Through the Finance Act, 2020, the Government of India introduced amendments to Section 194A of the Income Tax Act, 1961. The revised provisions require the deduction of tax deducted at source (TDS) on dividend income declared and paid by a domestic company that was previously exempt under Section 10(34). This article provides a detailed overview of Section 194A and explains its key implications.
What is Section 194A of the Income Tax Act?
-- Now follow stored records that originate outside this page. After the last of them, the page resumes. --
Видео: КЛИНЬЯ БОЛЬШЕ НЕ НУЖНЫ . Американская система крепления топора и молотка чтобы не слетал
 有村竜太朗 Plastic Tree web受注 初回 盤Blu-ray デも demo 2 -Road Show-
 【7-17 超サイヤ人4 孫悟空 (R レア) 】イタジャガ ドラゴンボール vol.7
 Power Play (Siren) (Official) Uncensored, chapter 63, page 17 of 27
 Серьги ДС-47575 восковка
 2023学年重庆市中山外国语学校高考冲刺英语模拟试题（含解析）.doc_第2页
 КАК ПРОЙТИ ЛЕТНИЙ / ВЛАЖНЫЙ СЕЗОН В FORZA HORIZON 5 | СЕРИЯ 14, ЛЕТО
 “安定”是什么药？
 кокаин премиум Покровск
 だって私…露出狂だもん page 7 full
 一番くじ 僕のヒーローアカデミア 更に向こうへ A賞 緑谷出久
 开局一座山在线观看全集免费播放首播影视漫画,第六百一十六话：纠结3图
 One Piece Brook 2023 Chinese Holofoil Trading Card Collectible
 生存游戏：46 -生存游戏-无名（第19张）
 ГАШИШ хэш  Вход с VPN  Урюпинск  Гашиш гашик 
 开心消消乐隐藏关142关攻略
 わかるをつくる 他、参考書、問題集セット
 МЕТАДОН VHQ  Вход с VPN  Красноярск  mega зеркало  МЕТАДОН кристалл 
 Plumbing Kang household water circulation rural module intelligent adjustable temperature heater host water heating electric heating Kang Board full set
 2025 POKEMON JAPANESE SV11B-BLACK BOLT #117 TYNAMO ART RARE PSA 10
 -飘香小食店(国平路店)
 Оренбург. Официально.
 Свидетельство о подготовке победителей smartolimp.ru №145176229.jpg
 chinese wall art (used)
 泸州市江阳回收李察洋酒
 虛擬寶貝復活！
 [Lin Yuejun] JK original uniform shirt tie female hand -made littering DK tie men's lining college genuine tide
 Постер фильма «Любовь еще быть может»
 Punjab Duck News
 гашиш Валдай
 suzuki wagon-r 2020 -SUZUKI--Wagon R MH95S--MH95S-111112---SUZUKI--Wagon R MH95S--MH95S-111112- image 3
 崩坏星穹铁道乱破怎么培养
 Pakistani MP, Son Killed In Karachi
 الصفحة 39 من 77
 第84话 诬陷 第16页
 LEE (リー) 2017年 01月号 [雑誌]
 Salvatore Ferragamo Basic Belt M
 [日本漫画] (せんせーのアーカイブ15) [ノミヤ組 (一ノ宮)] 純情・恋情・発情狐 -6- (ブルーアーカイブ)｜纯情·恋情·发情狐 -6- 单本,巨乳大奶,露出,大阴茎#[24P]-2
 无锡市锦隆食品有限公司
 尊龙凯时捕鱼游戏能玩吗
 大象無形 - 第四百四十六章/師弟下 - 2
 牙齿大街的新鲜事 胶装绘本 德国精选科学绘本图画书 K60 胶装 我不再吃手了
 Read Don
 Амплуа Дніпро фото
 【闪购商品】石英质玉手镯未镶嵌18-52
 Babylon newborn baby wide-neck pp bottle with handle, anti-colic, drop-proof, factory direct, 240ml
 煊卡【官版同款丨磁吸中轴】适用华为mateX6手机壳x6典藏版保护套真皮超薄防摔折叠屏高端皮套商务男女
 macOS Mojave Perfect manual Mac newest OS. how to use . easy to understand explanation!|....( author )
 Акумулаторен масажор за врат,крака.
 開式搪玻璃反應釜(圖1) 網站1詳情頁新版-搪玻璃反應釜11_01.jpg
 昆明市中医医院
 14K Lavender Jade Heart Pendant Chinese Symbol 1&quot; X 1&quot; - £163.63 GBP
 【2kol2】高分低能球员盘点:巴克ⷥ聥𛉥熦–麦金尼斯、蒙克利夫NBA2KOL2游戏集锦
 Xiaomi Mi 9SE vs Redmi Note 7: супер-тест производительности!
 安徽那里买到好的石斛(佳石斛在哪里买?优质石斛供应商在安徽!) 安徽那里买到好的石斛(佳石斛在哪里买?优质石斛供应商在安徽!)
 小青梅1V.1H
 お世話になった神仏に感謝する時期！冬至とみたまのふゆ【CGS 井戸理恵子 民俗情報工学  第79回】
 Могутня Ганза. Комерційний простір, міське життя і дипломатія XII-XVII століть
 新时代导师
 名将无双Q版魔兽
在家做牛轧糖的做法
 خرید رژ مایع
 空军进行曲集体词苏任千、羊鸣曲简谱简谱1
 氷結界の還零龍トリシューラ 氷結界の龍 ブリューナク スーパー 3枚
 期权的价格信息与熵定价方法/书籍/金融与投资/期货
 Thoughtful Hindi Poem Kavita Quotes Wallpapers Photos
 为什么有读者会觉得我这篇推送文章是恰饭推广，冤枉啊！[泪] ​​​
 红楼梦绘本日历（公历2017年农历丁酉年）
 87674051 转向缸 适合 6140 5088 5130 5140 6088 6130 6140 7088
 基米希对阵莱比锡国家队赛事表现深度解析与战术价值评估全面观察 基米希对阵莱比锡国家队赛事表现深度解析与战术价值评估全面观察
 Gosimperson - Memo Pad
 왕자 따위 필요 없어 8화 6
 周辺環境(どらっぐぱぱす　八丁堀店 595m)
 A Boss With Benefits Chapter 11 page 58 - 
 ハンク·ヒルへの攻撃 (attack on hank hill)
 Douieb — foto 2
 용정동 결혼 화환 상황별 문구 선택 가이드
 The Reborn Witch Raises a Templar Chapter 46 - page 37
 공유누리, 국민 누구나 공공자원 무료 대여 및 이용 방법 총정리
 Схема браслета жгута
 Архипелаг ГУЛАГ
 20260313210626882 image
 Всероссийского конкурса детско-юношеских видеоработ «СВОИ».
Section 194A of the Income Tax Act, 1961 requires the deduction of Tax Deducted at Source (TDS) on interest income, excluding interest on securities. This provision applies when banks, financial institutions, companies, or individuals credit or pay interest on deposits, loans, or advances. Typically, TDS is deducted at 10%. However, if the recipient does not furnish their PAN, the deduction rate increases to 20%.
Threshold Limits
- Banks / Post Offices / Cooperative Societies: TDS is deducted only if the total interest earned exceeds Rs. 50,000 in a financial year.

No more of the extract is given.